[Crawled caption data]
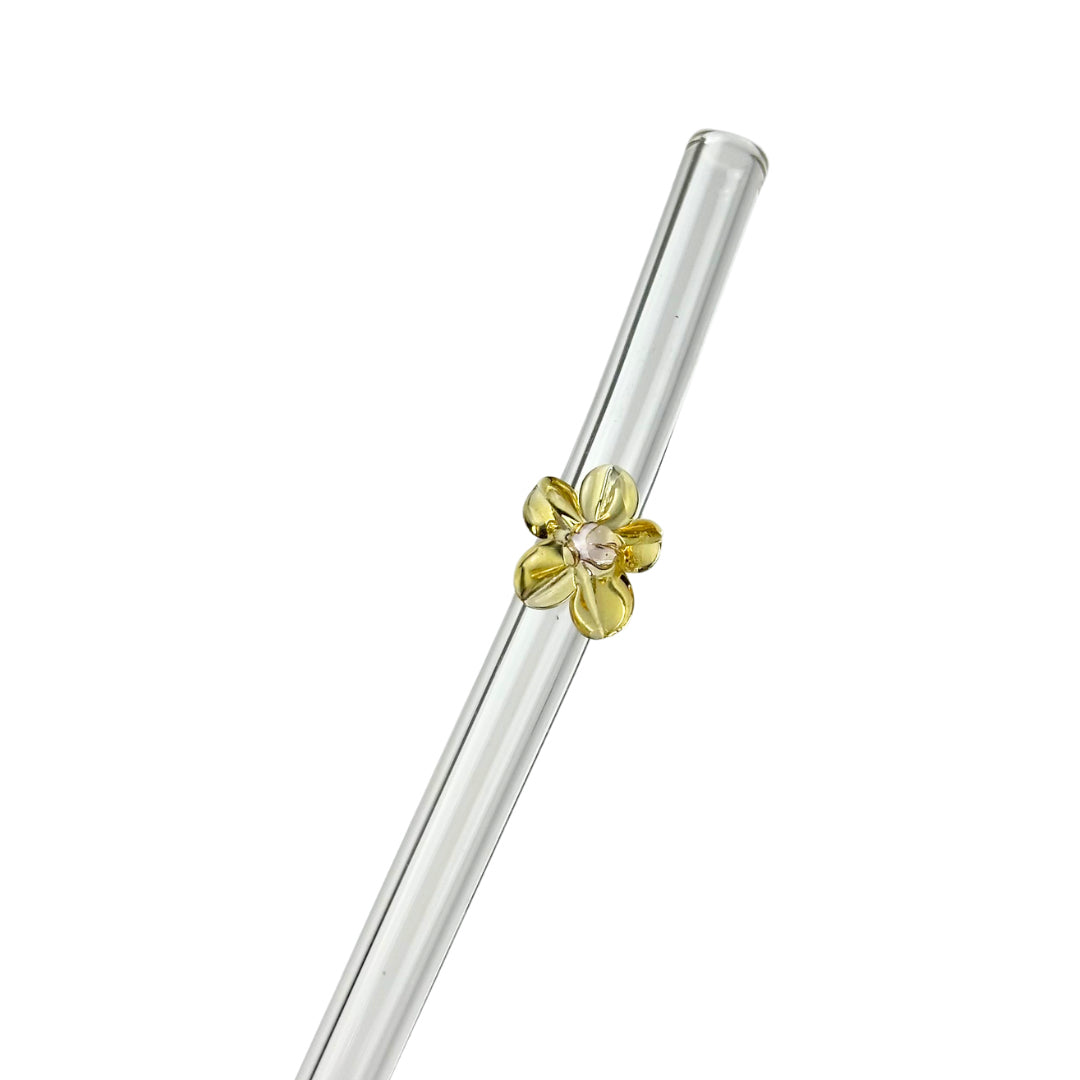 Glass Charm Straw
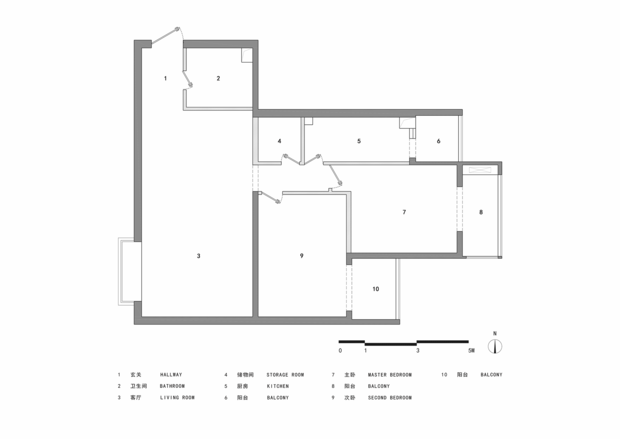 Белая квартира в Пекине, где все спроектировано с оглядкой на детей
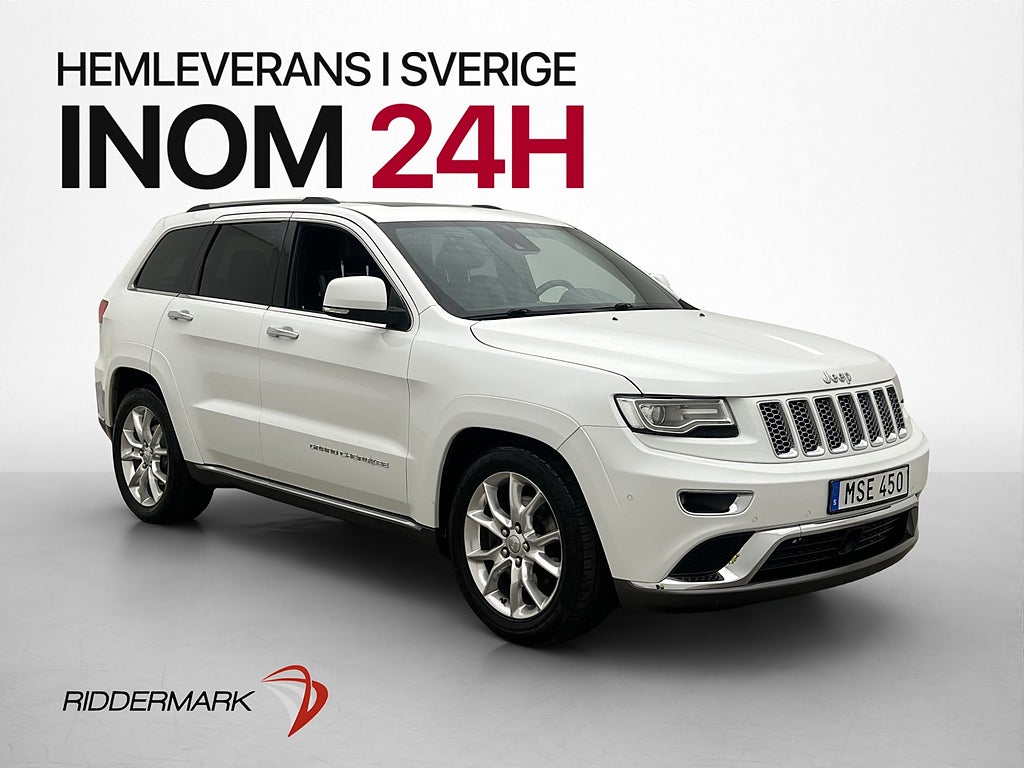 Jeep Grand Cherokee 3.0 V6 Summit Luft Pano H/K Kamera Skinn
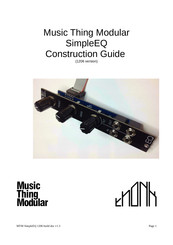 Thonk Music Thing Modular SimpleEQ Construction Manual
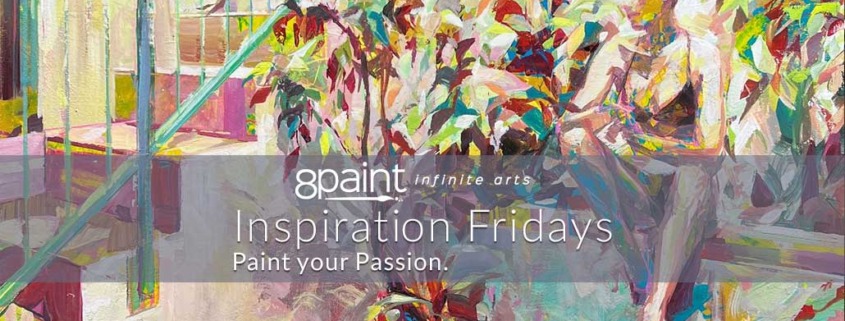 Gabriel Mark Lipper - Seclusion - Mixed Media on panel - 48”x 48”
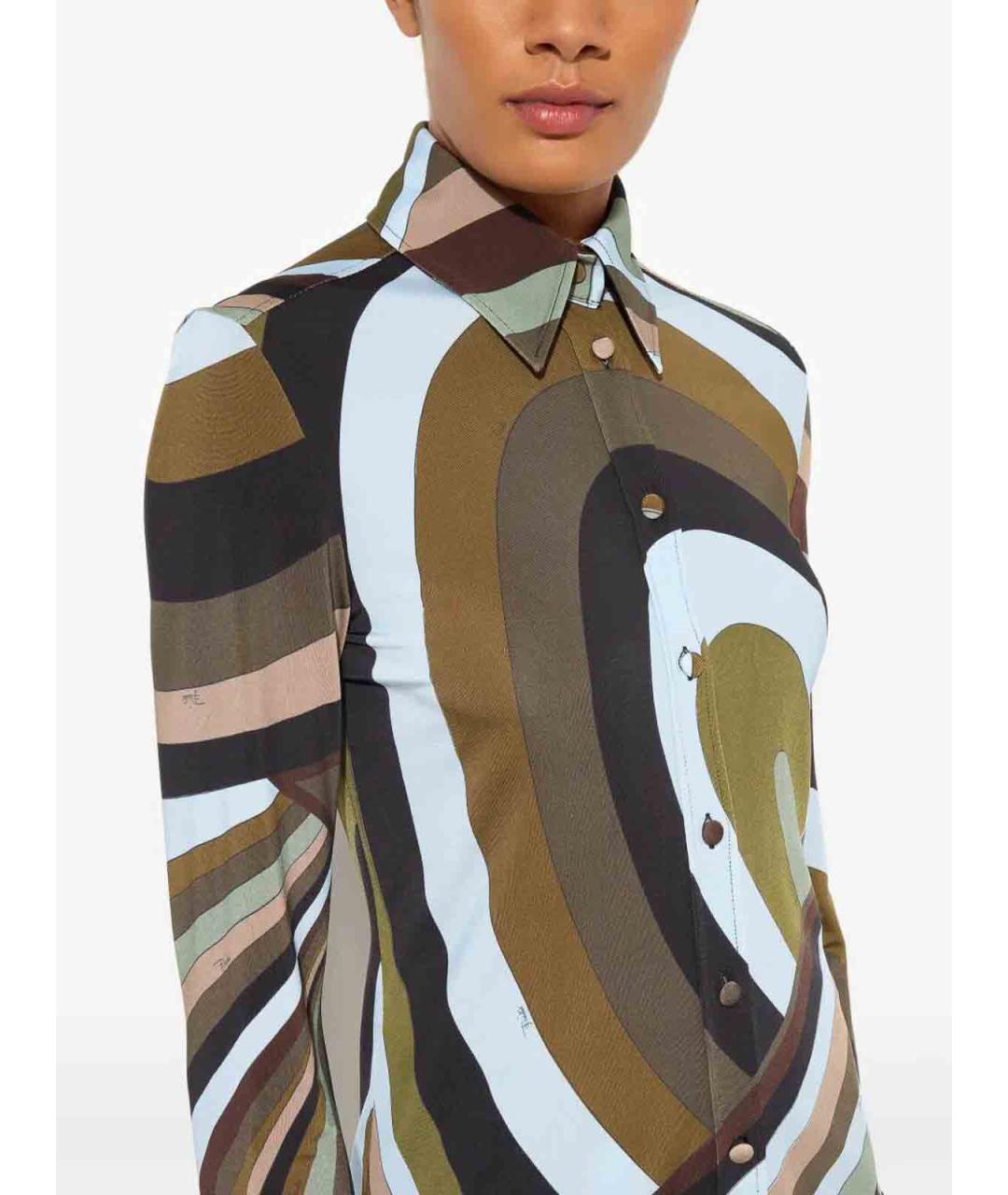 EMILIO PUCCI Мульти вискозная рубашка, фото 5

Task:
Retype the lines exactly as they appear, beginning with the line that contains "Thonk Music Thing" and ending with the final line of the entries, and omit the pictures.

Written solution:
 Thonk Music Thing Modular SimpleEQ Construction Manual
 Gabriel Mark Lipper - Seclusion - Mixed Media on panel - 48”x 48”
 EMILIO PUCCI Мульти вискозная рубашка, фото 5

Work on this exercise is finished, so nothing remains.